Yesterday, the tech journalism world was abuzz with the news that tech blog Gizmodo had somehow come into possession of an iPhone prototype, and was publishing pictures of the device and what it could glean about its hardware and software specifications. As the day progressed, speculation moved from the device itself to the circumstances under which Gizmodo acquired the device. Gizmodo is keeping key elements of the story to itself, but a few things have been revealed:
- Publisher and Gawker media founder Nick Denton engaged in “checkbook journalism,” paying an unnamed party some $5,000 for the device;
- Gizmodo has revealed what it claims is the identity of the Apple employee responsible for the phone;
- Apple has formally requested the “device” be returned, and Gizmodo will apparently comply.
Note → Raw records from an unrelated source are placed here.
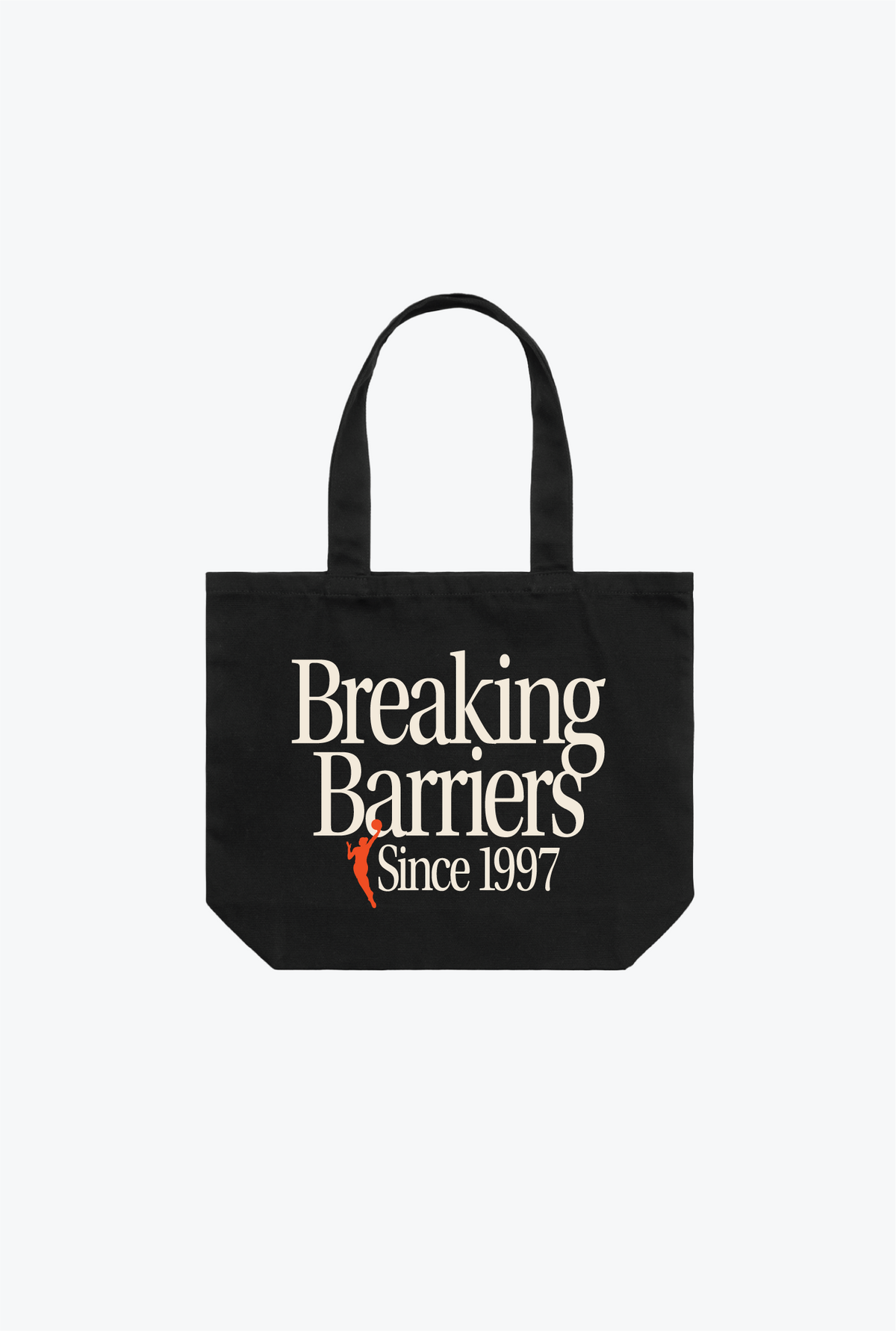 Breaking Barriers Tote Bag - Black
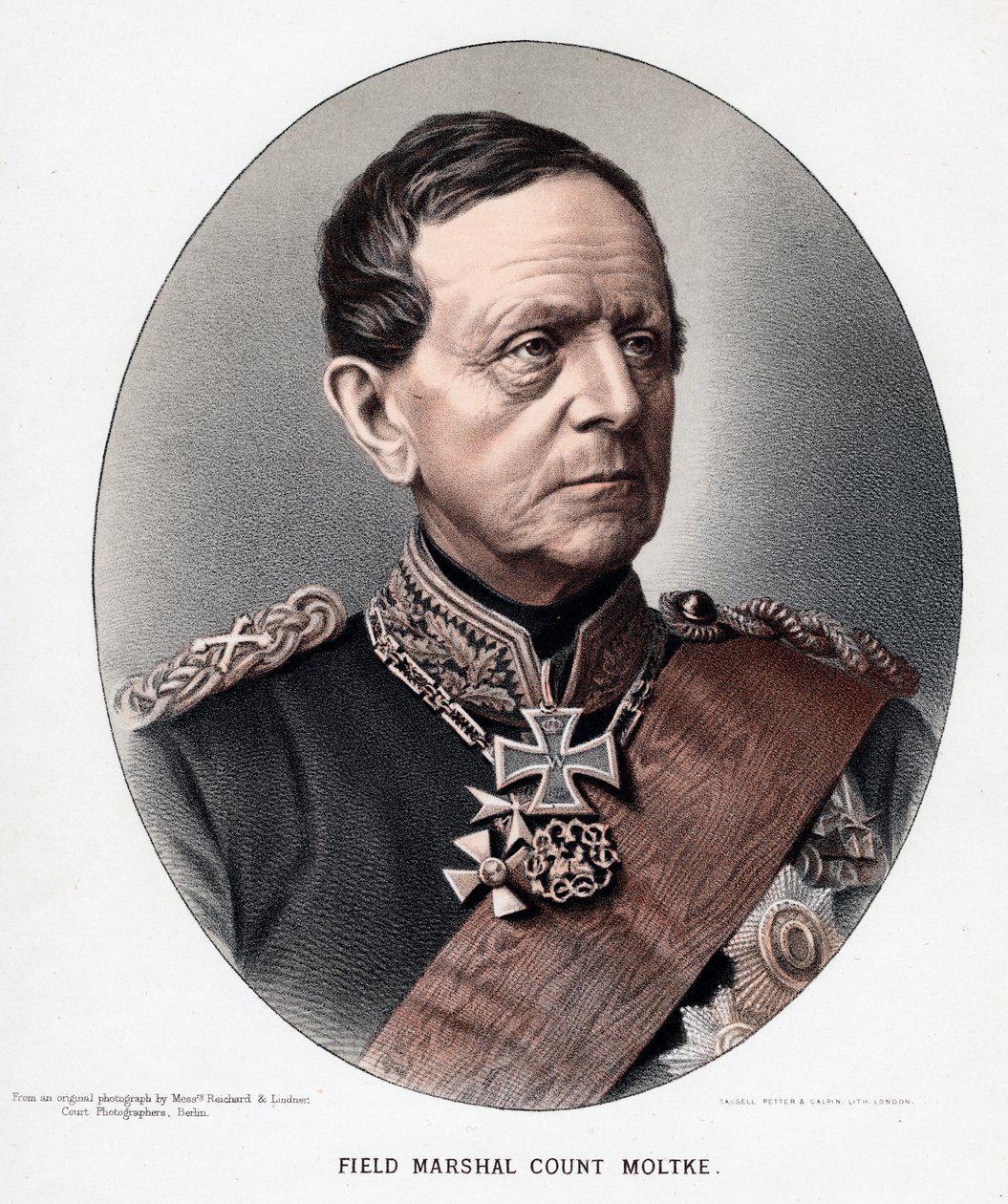 Helmuth Karl Bernhard, Count von Moltke, Prussian General and Statesman, c1880 by Unbekannt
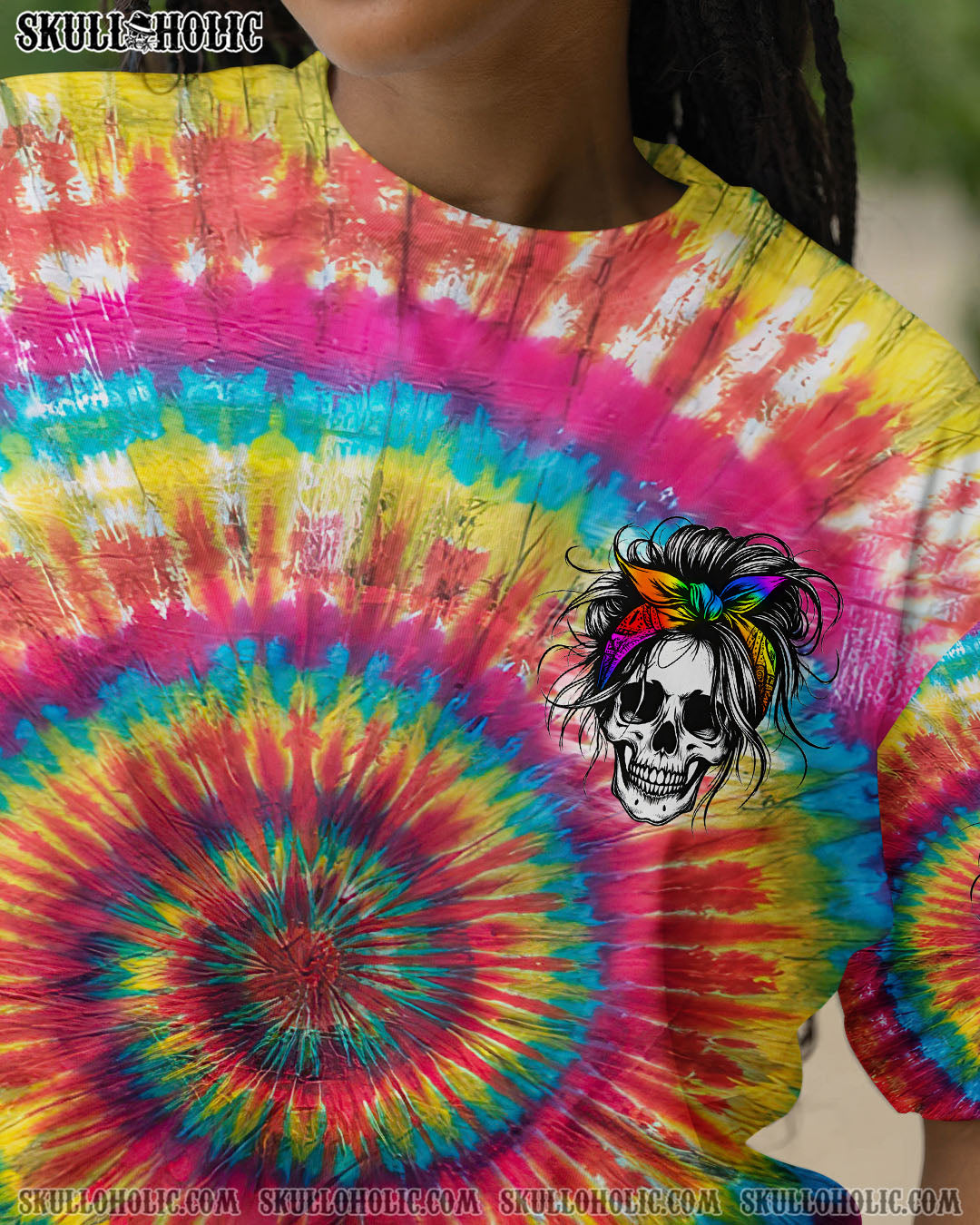 BLISSCORNERS MESSY HAIR DON'T CARE TIE DYE ALL OVER PRINT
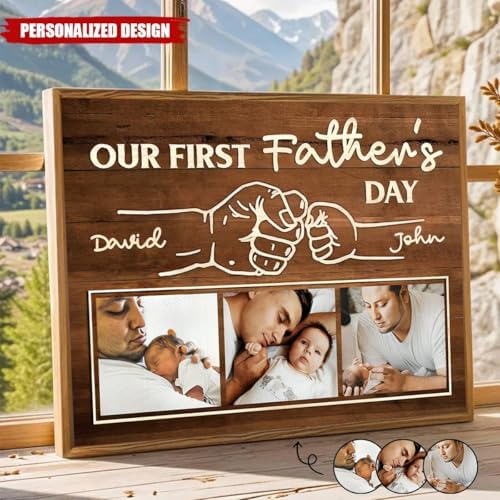 Personalized Dad Photo Frame Wall Art for Father Day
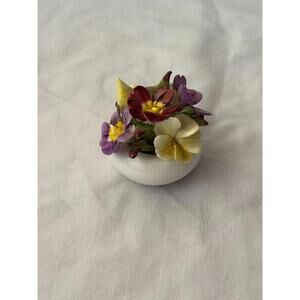 Aynsley England Hand Modelled Floral Bouquet Bone China Mini Figurine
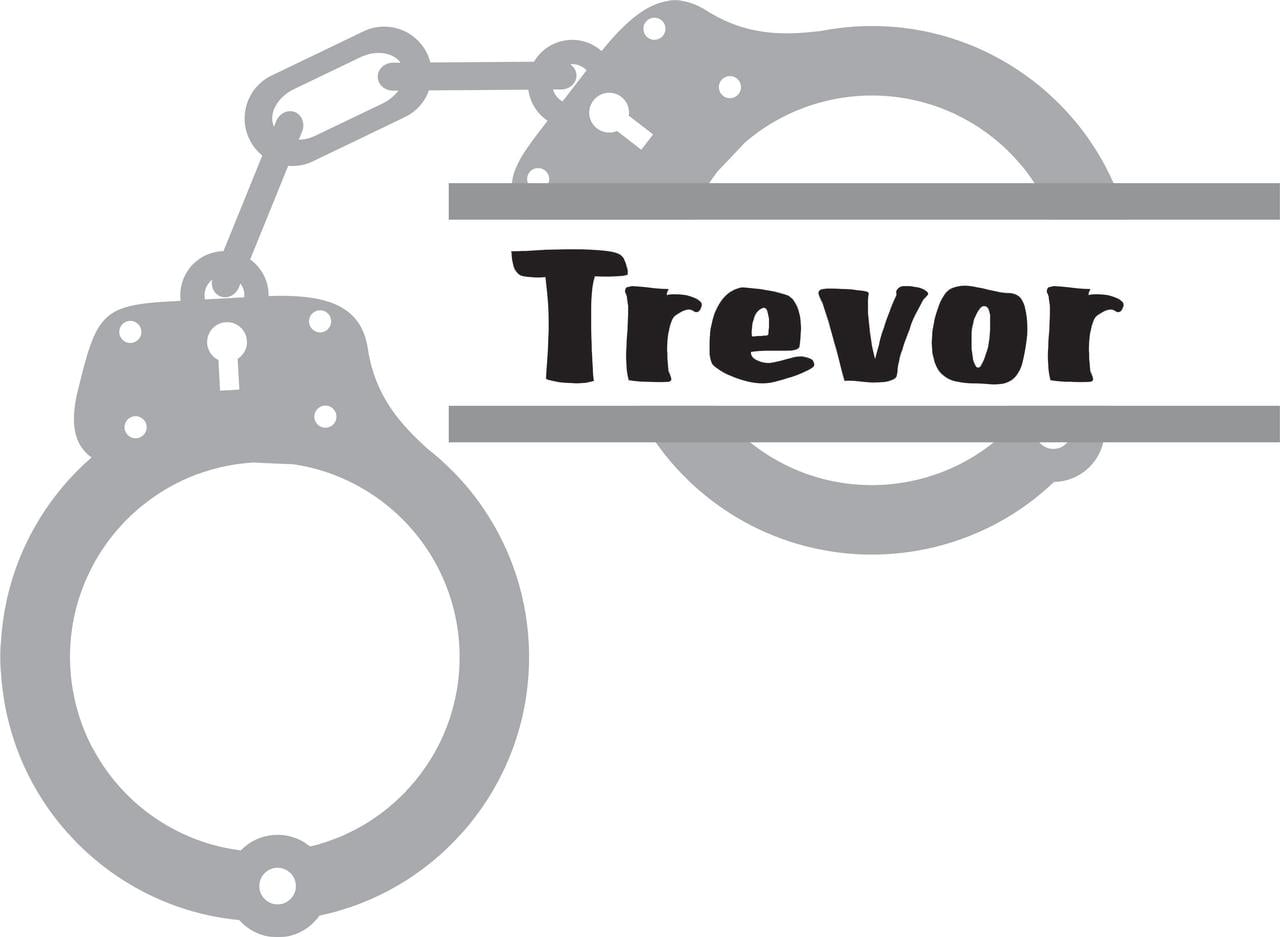 Personalized Name Vinyl Decal Sticker Custom Initial Wall Art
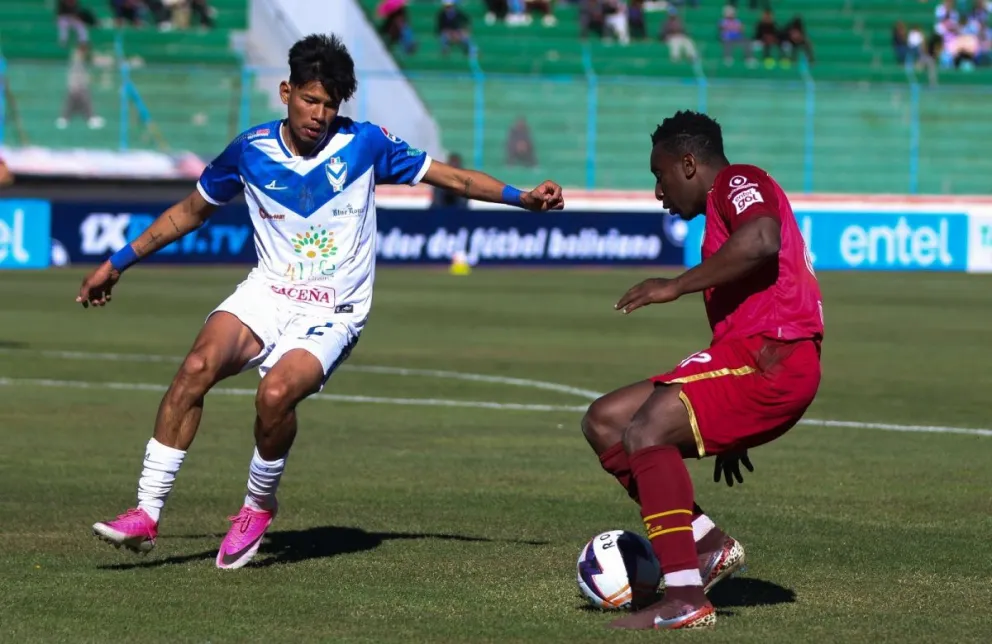 Del partido que jugaron GV San José y Real Oruro el pasado 11 de julio por el todos contra todos. Foto: APG
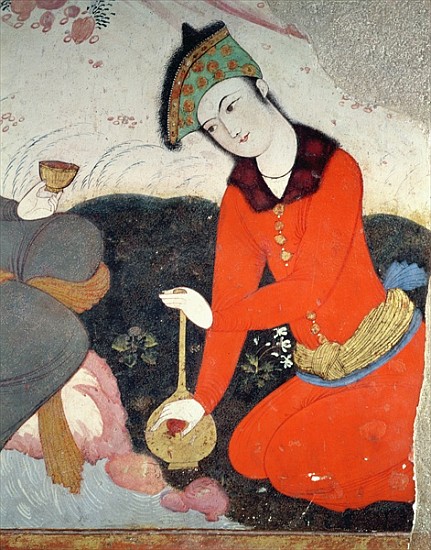 Courtier at the Court of Shah Abbas I (detail) von Persian School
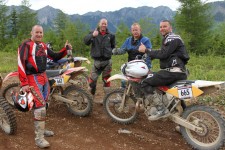 British pals enjoy the Erzberg event together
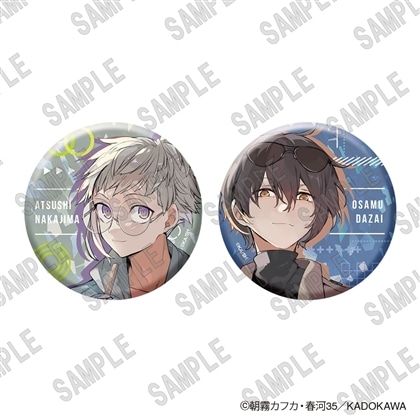 【会場先行】「文豪ストレイドッグス」ホログラム缶バッジセット(C107)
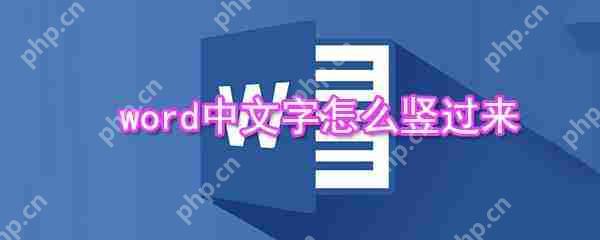 word中文字怎么竖列排布？word中文字竖列排布方法分享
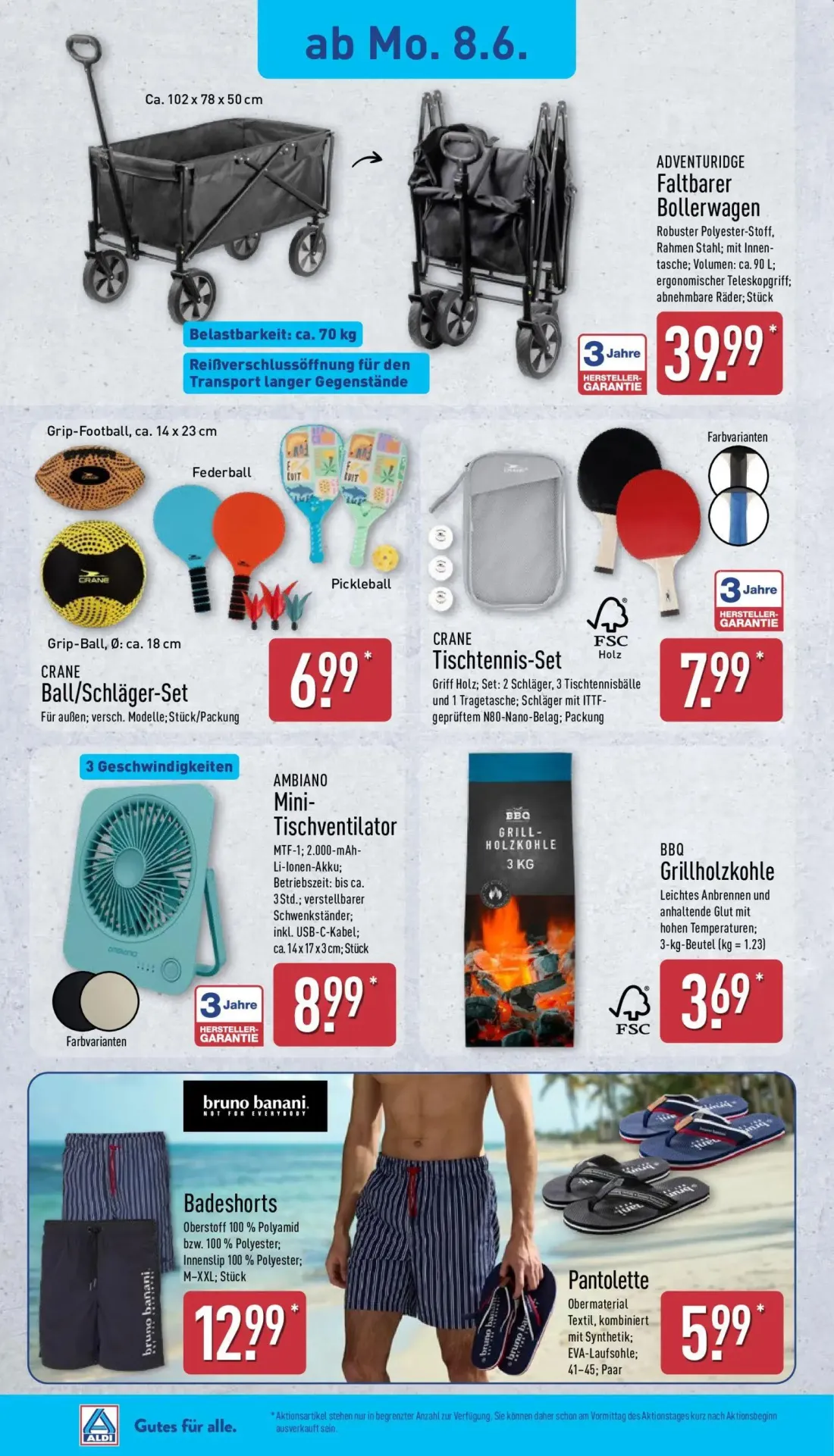 Aldi Nord Prospekt, Seite 4 von 15 — Badeshorts, Pantolette
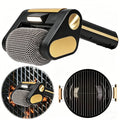 Electric Rotary Grill Brush — Rechargeable Stainless Steel BBQ Cleaner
Many questions surround how the iPhone prototype was acquired by a still-unnamed third party. Gizmodo’s story is that the device was “found” in a Redwood City bar, but many questions remain whether “found” really means “stolen.” What is clear is that someone who eventually came into possession of the device recognized it was Apple property, and nonetheless offered it for sale to a number of online news outlets. Most passed, although tech blog Engadget apparently toyed with the idea. Gizmodo was willing to put up the cash for the device. From its coverage, Gizmodo knew—or at least strongly believed—the device was Apple’s property.
Now Gizmodo is trumpeting a letter from Apple general counsel Bruce Sewell formally requesting the return of “a device” that belongs to Apple. Gizmodo holds out the letter as undeniable proof of the iPhone prototype’s authenticity.
The legal fallout of Gizmodo’s actions may take a while to simmer down. It’s possible Apple will walk away from the incident quietly without pursuing legal actions, and it’s not clear what Gizmodo’s liability, if any, might be under California state law. What is apparent: Gizmodo owner and Gawker media head Nick Denton had no problem paying people to hand over possibly-stolen property, and had no problem doing (at least) serious damage to the career of an Apple employee who may have misplaced an iPhone prototype—or had it stolen from him.